Le sixième rendez-vous annuel des poètes s'amorce aujourd'hui dans la métropole avec une programmation élargie, dans le contexte de Montréal, capitale mondiale du livre.

«Il y a un effet mosaïque dans la façon dont notre programme est construit, et c'est le but», explique au Devoir Isabelle Courteau, directrice générale de la Maison de la poésie, qui organise l'événement. «Il s'agit de pouvoir présenter au public tout ce qui se fait, d'accueillir les poètes de toutes les tendances, de découvrir ce qui s'est passé dans l'année, de parler de nouveaux projets.»

L'habituel chapiteau monté sur la place Gérald-Godin, au métro Mont-Royal, abritera une soixantaine d'éditeurs de la francophonie, et plus de tables rondes que les éditions passées. Sur le thème «Passeurs de vers», le Marché cherche à rapprocher davantage le public des poètes en organisant notamment son colloque sur la question de la critique, qui sert souvent d'entremetteur entre poètes et lecteurs mais se fait rare par les temps qui courent.

«C'est une activité presque clandestine par rapport à tout ce qui se publie», déplore le poète Bernard Pozier, qui participe au débat aujourd'hui. «Les gens ne peuvent être proprement informés», puisqu'ils n'ont accès qu'à une infime portion de ce qui existe. Il regrette qu'on colporte l'idée selon laquelle la poésie est d'accès difficile. «C'est une question de choix de société», croit-il plutôt, évoquant l'époque où les journaux publiaient un poème par jour, visibilité aujourd'hui accordée aux cotes en Bourse.

Le colloque se déroule toute la journée cette année afin de donner plus de temps aux échanges entre les participants et l'animatrice Marie-Andrée Lamontagne, mais aussi entre ceux-ci et le public. S'ensuit, demain, une table ronde sur l'évolution de la petite édition animée par le prolifique poète et président d'honneur de la Maison de la poésie, Claude Beausoleil.

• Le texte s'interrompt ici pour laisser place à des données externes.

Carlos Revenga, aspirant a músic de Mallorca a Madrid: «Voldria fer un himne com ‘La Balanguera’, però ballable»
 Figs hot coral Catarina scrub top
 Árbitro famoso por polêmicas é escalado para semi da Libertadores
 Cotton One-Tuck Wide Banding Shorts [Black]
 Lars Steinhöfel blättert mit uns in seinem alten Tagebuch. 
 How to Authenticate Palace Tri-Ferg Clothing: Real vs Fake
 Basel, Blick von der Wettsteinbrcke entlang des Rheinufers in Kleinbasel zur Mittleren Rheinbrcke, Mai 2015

Au cours du week-end, l'événement prend toute son ampleur avec une série d'activités sous chapiteau, lectures, tables rondes, ateliers, ainsi qu'un hommage à Fernand Ouellette à la Maison de la culture du Plateau, samedi soir. La soirée de clôture, dimanche, tentera de donner toute la mesure de la vie poétique montréalaise en convoquant sur scène 30 poètes de générations et d'horizons différents, sous la gouverne du metteur en scène Alexis Martin.